In Theaters: Clash of the Titans
In its attempt to upgrade a classic with kick-ass effects, Louis Leterrier's noisy, manic and not much fun at all Clash of the Titans saps much of the spirit of the 1981 cult epic. Leterrier countered fanboy skepticism with the prospect of a 3-D and CGI-enhanced version of the fantastical Greek myth that powered the original. A few scenes in an even better defense suggests itself: the sight of Liam Neeson and Ralph Fiennes plotting to make the plebes worship them again, to restore proper order between gods and mere mortals. Now you're talking, I thought; a modern critique of the socialization of fame could only have been stronger if they'd populated Argos exclusively with reality stars.
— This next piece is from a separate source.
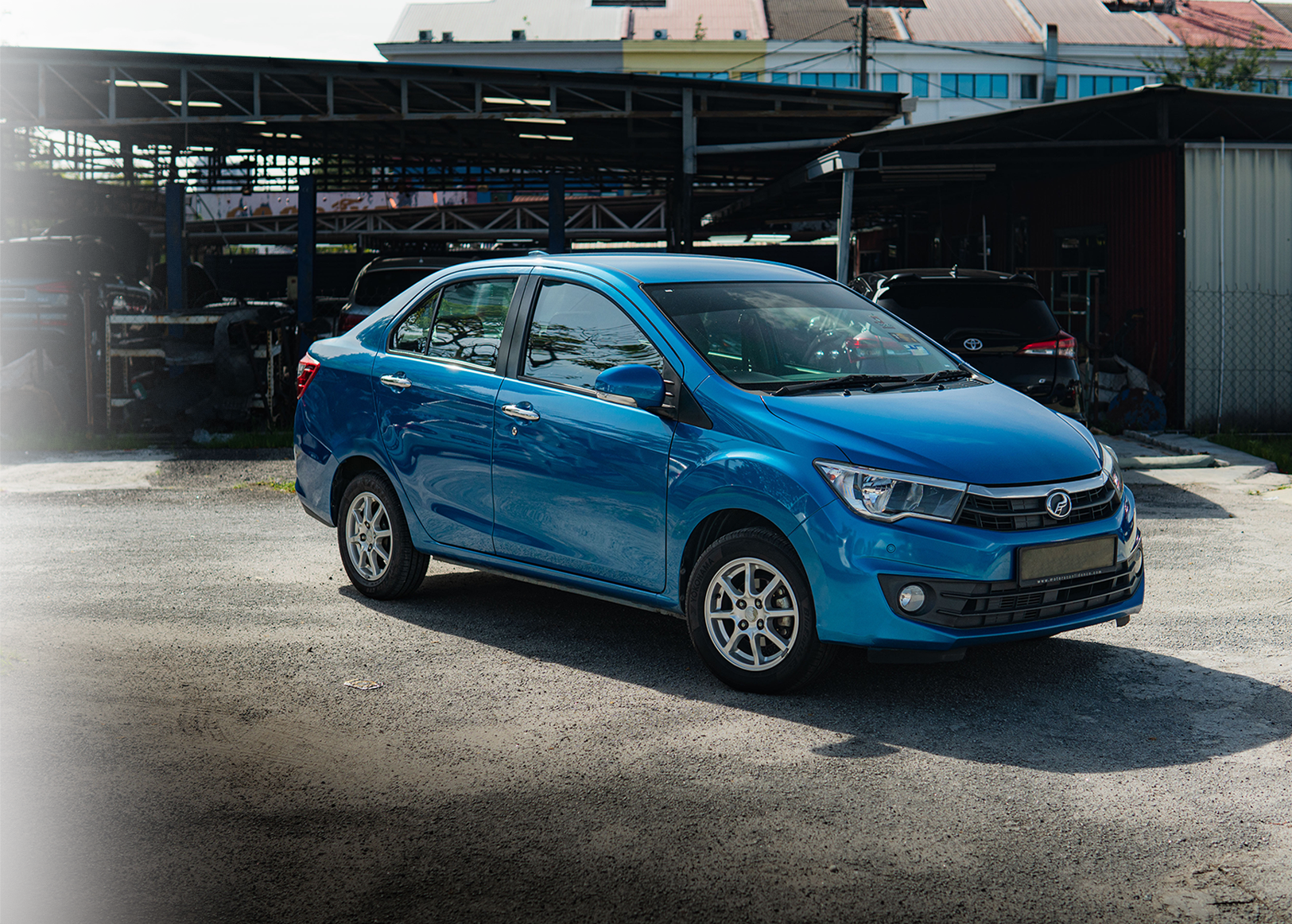 Perodua Bezza compact sedan in vibrant color, ideal for city driving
Alas, the effects can't quite cut through the hazy narrative and wretched dialogue, and when it comes to subtext my imagination seemed to have outpaced that of the filmmakers by the 15-minute mark.
Screenwriters Travis Beacham, Phil Hay and Matt Manfredi have fashioned a kind of crazy quilt from the story used in the original film -- the myth of Greek demi-god Perseus, here played by Sam Worthington, the Australian actor and Avatar hero. Seemingly orphaned at birth, Perseus is raised at sea by the fisherman (Pete Postlethwaite) who found him floating in a coffin with his dead mother. They happen upon Argos just as its residents, having decided they are equally awesome, declare war against the gods. Their hubris cues the arrival of Hades, god of the underworld, and Ralph Fiennes, emerging from a ball of bat fury in red eyeliner and a nasty weave, gets an even better reveal than he enjoyed in The Hurt Locker. It's an enjoyment that doesn't last long, however: Both he and Neeson, who plays his brother, Zeus (a big hippie bathed in a Barbara Walters sheen and wearing a blinding breastplate), are stuck in the tonal limbo that mars much of the film.
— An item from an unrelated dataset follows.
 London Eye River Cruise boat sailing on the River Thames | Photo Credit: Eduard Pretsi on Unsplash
A recent veteran of the James Cameron gauntlet of iffy dialogue, it is to Worthington's credit that he makes lines like, "Is it true? Am I the son of Zeus?" resonate with something other than pure hilarity. In fact he is the son of Zeus, the product of a little late-night prank the god decided to play on King Acrisius (Jason Flemyng), who condemned his wife and her newborn to die at sea. With his adoptive family killed in the battle they encountered at Argos, Perseus wanders into the armyand winds up leading a charge against Hades and "the kraken," an inconceivable embodiment of unseeing, unfeeling evil that in fact looks a lot like a waterproof reject from The War of the Worlds.
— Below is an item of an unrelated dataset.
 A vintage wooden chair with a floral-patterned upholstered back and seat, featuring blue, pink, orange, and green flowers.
The plot piles on so many grudge matches and cross purposes that almost as soon as Perseus takes on the challenge (ostensibly to save the local Princess, Andromeda, from sacrifice, and to avenge his family) we forget where or why he is going. The filmmakers have installed a little Tinkerbell -- a weird, ageless stalker with halogen skin named Io (Gemma Arterton) -- to alleviate this confusion, and she literally trails Perseus and his crew (including the formidable Mads Mikkelsen) around, stepping forward to offer crucial bits of exposition when even the characters can't keep a grip on what's happening. Not only is she a poor substitute for the female characters (including Hera, Athena, Thetis, and freaking Aphrodite) and the trusty mechanical owl dropped from the original, Arterton also suffers most cruelly from the insipid writing. Although "You're not just part man, part god -- you're the best of both," was the line that floored the audience I was with, I was more taken with the more soulful, "Ease your storm." Surely one to remember the next time I'm pinned to the floor by a young demigod and flushed with creepy sexual tension.
Even the host of cheerfully cheesy effects can't remedy Titans' erring on the wrong side of such lines (the use of 3-D seems almost negligible). If anything the film is a reminder that cult status is bestowed, and almost never successfully sought: Leterrier seemed to want to split the difference, offering a crunching, often incoherent action picture (and what does it say that the retro version had more powerful women; even Medusa is a CGI creation) with an homage to the earnest, full-on fromage of the original. While not a total disaster, the result is the worst thing escapist fare can be: kind of a bore.